Reusable ML Patterns¶

This page covers reusable patterns for keeping labels, weights, and domain information in the data. Predictors and validators read those coordinates directly, so multilabel prediction, sample weighting, and few-shot domain transfer use the same pipeline machinery as simpler workflows.

Multilabel Classification¶

Use SKLearnPredictor with is_multilabel=True when each target is a binary coordinate. The targets remain named coordinates instead of a separate y matrix.

from sklearn.linear_model import LogisticRegression

from xdflow.transforms.sklearn_transform import SKLearnPredictor

predictor = SKLearnPredictor(
    LogisticRegression,
    sample_dim="trial",
    target_coord=["target__ethanol", "target__hexanal", "target__limonene"],
    is_classifier=True,
    is_multilabel=True,
    max_iter=500,
)

predictor.fit(train_container)
predictions = predictor.predict(test_container)        # dims: ("trial", "target")
probabilities = predictor.predict_proba(test_container)  # dims: ("trial", "target")

For wildcard target coordinates, pass a pattern such as target_coord="target__*". XDFlow resolves the target coordinates at fit time and wraps compatible sklearn classifiers with MultiOutputClassifier.

Class and Domain Weighting¶

Use BalanceClassWeightTransform to attach a sample_weight coordinate that downstream sklearn-compatible estimators can consume. Weighting stays in the container, so it can move with the same trial axis as the labels and metadata.

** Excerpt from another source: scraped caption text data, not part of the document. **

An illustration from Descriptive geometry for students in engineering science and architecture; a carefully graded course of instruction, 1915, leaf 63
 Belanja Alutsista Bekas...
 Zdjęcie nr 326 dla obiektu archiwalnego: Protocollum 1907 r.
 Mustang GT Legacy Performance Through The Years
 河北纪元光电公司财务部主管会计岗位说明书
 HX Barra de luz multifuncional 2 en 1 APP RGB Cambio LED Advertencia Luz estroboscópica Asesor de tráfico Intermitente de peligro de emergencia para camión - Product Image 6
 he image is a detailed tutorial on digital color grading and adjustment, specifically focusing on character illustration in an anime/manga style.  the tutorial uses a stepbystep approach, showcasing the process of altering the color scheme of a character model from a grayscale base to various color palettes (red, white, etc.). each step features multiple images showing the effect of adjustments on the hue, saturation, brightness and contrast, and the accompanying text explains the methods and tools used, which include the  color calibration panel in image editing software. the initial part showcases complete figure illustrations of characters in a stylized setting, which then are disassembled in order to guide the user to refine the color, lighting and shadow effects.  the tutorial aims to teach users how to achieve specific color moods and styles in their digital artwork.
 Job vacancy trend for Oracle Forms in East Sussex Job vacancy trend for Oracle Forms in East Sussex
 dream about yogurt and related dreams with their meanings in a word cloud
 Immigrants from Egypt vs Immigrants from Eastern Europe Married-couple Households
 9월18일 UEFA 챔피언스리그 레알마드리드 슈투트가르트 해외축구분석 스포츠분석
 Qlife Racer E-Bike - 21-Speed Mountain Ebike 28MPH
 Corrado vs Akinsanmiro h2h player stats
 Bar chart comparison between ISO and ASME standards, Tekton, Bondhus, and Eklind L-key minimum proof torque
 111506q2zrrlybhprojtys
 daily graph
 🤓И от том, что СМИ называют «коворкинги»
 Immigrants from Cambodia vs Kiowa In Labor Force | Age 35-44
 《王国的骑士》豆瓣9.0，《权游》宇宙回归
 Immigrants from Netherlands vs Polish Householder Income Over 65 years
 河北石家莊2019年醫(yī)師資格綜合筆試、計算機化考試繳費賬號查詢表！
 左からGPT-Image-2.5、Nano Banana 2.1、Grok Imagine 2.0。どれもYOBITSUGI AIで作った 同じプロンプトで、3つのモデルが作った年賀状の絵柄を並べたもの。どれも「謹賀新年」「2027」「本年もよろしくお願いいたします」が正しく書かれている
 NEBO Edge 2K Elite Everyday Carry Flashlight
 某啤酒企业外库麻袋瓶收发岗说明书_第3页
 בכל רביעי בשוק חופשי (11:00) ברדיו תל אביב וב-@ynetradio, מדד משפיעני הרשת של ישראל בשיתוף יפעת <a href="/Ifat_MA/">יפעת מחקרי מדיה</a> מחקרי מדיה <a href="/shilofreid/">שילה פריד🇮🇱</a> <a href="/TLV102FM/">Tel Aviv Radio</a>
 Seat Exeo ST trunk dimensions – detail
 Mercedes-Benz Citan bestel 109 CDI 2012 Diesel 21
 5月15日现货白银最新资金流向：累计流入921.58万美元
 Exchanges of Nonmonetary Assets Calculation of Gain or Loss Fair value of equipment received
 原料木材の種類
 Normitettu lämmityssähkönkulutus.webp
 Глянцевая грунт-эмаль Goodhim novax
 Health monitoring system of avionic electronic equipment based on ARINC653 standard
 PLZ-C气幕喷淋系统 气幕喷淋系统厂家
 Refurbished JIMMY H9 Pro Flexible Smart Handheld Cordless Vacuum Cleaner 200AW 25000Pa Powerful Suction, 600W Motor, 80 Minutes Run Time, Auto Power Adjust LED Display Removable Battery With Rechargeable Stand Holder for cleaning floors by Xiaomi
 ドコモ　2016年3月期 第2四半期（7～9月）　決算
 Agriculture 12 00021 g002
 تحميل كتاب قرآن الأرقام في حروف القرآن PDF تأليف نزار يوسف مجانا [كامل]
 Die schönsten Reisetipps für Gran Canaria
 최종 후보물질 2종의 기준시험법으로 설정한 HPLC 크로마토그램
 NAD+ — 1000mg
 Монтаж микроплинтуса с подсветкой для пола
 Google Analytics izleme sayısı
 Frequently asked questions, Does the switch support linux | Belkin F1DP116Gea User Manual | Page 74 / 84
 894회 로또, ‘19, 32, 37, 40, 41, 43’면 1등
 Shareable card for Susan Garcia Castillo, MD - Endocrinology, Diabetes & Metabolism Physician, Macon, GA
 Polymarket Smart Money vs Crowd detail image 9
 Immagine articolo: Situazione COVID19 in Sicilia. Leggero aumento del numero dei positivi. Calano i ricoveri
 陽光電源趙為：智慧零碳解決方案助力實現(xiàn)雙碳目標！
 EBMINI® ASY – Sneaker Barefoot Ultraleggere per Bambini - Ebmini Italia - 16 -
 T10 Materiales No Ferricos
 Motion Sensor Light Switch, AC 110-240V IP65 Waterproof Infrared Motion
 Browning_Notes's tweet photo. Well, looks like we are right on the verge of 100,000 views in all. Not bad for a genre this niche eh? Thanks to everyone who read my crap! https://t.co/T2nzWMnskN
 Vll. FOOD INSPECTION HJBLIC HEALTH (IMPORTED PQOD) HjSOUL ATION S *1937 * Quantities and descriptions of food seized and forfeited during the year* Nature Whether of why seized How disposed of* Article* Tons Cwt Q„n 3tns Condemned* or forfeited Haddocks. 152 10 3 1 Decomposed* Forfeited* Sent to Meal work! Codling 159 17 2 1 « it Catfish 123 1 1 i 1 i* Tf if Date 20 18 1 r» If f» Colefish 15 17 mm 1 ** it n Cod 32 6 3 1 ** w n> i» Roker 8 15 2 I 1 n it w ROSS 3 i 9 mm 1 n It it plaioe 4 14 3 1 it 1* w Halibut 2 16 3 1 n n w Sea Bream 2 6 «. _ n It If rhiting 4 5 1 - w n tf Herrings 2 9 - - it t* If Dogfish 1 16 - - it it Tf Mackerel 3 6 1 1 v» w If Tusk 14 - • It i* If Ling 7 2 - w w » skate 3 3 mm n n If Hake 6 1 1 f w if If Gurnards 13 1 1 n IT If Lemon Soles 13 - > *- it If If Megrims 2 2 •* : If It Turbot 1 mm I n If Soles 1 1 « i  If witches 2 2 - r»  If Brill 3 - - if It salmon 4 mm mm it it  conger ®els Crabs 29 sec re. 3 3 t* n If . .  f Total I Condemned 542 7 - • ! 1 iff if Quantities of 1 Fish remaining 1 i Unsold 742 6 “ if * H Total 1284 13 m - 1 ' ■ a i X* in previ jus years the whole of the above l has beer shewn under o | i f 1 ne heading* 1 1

from sklearn.linear_model import LogisticRegression

from xdflow.composite import Pipeline
from xdflow.transforms.basic_transforms import BalanceClassWeightTransform
from xdflow.transforms.sklearn_transform import SKLearnPredictor

pipeline = Pipeline(
    name="balanced_classifier",
    steps=[
        ("weights", BalanceClassWeightTransform(class_coord="stimulus")),
        ("clf", SKLearnPredictor(LogisticRegression, sample_dim="trial", target_coord="stimulus")),
    ],
)

For transfer settings, balance within domains while assigning domain-level totals:

weights = BalanceClassWeightTransform(
    class_coord="stimulus",
    balance_domains=True,
    domain_coord="animal",
    domain_weights={"source": 0.25, "target": 0.75},
    normalize_domain_totals=True,
    weight_normalize="sum",
)

The default sklearn wrappers look for a sample_weight coordinate. Pass sample_weight_coord=None to disable this behavior.

Few-Shot Domain Transfer¶

Use SampledDomainKFoldValidator when validation should occur only on target-domain folds, while training uses all source-domain samples plus a controlled number of target-domain samples. The domain policy is part of the validator configuration instead of a custom split script.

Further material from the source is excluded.